Behold! The Power of Music

Things move quickly on the internet, and the reactions to the President's speech last night and Bobby Jindal's response are already so ubiquitous as to be overwhelming. On perusing the morning opinion re-ax, I was particularly struck by the following commentary, which I bring up in the context of this blog because its editorializing was accomplished solely through judicious editing and the addition of music.



In essence, this is an example of a commutation test with a single iteration. As with most commutation tests, it is crude but nevertheless effective in showing us how music shapes our understanding of what it is that we see. In this case, it also demonstrates how music shapes what we hear: the music asks us to draw comparisons between Jindal's voice and Fred Rogers', and we begin to attend consciously to just those aspects of Jindal's vocal performance—especially his deliberate pacing, sing-songy cadence and relatively simple syntax—that would make it suitable to Mr. Rogers' neighborhood.

Monday, February 23, 2009

Why the Jargon?

Students often wonder why we use such terms as "diegetic" and "nondiegetic" when filmmakers themselves rarely use that sort of vocabulary to talk about their work. David Bordwell offers a nice response to this complaint:
No doubt, we should be attentive to the ways in which filmmakers think and talk about their work. There’s a lot to be learned from shop talk and insider information–hence the enduring value of interviews, DVD commentaries, and the like. Yet no activity explains itself. Often practitioners do things intuitively, without making their background ideas explicit. We can often illuminate a filmmaker’s creative choices by spelling out the unspoken premises behind the work.

So the point of using (academic) terminology is (or ought to be) to illuminate something that cannot be—or is at least not easily—articulated in the vocabulary used by the industry. A productive answer to a student's complain about "diegetic," then, would want to explain how thinking about music's "source" can get in the way of, or obscure thinking about, its relationship to narrative.

Friday, February 20, 2009

Crowd Control

I've always liked this particular stereopticon slide, which was used in movie theaters around 1910. It is from an ad in Moving Picture World.


Clearly, the slide projects a particular view of appropriate audience behavior. Yet the prohibition it commands also bears witness to the existence of the very activity it would proscribe.

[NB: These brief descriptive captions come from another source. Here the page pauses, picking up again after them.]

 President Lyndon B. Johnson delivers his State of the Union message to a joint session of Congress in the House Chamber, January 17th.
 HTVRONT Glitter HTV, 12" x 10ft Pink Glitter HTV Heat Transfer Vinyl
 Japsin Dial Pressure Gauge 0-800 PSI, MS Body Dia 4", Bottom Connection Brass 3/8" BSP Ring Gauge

I can almost hear the whistling and the stamping...

Thursday, February 19, 2009

5.1 Fetish

In the text, we note that The Godfather (1972) provides only a 5.1 sound track mix despite the fact that the film was originally released in mono. Here is a screen grab of the audio menu:



I have no objection per se to remixing and cleaning up sound tracks for release on DVDs, just as I have no objection per se to pan-and-scan versions or to colorization, for that matter—so long as the altered version does not make the "original" version inaccessible. Those original sound track mixes are often of great historical interest and, among other things, we lose a lot of lose information about how film makers thought about sound when a sound track is remixed according to today's standards.

I much prefer it when DVDs provide an option for the "original" theatrical sound track, as for instance, this one for Nightmare on Elm Street (1984).

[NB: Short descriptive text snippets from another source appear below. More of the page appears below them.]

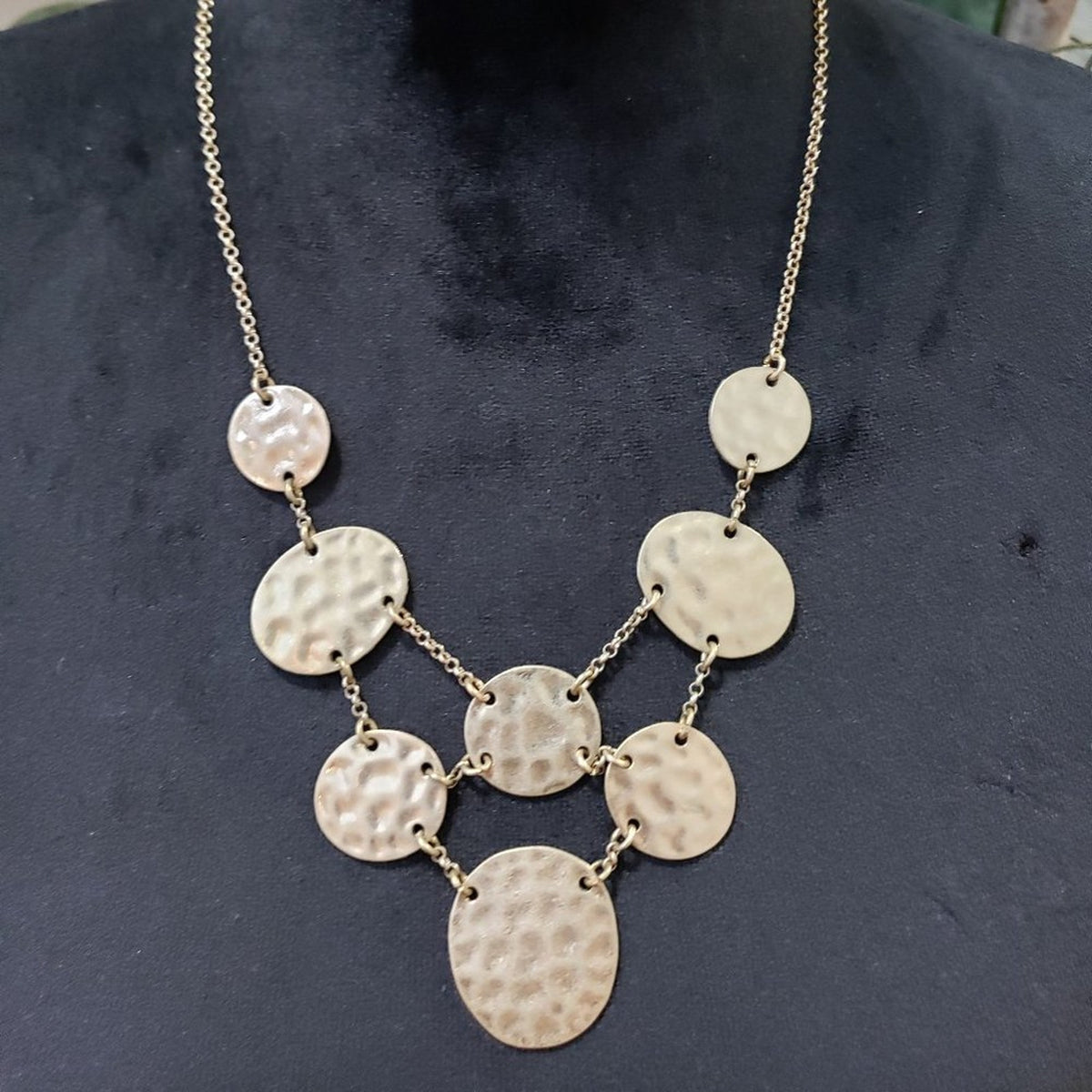 Womens Fashion Gold Layered Moon Circle Collar Necklace with Lobster Clasp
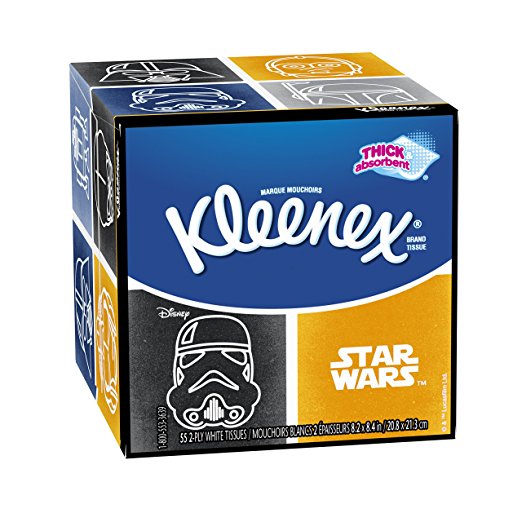 Kleenex Trusted Care  Facial Tissues, Star Wars Designs, 55 2-ply tissues per box (Pack of 27)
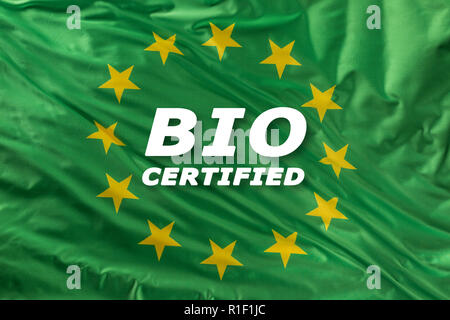 Green european union flag as a mark of organic bio food or ecology. Stock Photo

Yet even when given the appearance of a choice we must be careful. Here is a shot of the menu of the sixth installment of the series Freddy's Dead: The Final Nightmare (1991).

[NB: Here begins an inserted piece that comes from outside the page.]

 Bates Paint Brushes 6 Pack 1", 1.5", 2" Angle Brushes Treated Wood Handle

The claim that the "stereo" mix represents the theatrical release is misleading inasmuch as the original theatrical release was in Dolby Stereo (actually Dolby SR), which in fact carried four channel (left, center, right, surround) stereo. Here, the 5.1 mix might in fact come closer to the theatrical SR mix than does the two-channel stereo. Yet this stereo mix is no doubt of historical interest itself since it most likely reproduces the two-channel stereo of the original VHS release.